* **Problem statement**
Go through the listing below from the line containing "Diamond Select - Marvel" to its last line, retyping each line exactly and nothing else.

^^^^^^^^

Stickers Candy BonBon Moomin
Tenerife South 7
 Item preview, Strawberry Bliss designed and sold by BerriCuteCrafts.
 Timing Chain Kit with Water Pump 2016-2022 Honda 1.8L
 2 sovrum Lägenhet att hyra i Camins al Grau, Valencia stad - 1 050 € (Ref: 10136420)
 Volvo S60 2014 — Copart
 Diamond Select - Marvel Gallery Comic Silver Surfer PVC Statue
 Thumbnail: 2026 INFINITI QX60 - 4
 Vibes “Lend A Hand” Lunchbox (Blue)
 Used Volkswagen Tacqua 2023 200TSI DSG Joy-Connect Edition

^^^^^^^^

* **Solution for this problem**
 Diamond Select - Marvel Gallery Comic Silver Surfer PVC Statue
 Thumbnail: 2026 INFINITI QX60 - 4
 Vibes “Lend A Hand” Lunchbox (Blue)
 Used Volkswagen Tacqua 2023 200TSI DSG Joy-Connect Edition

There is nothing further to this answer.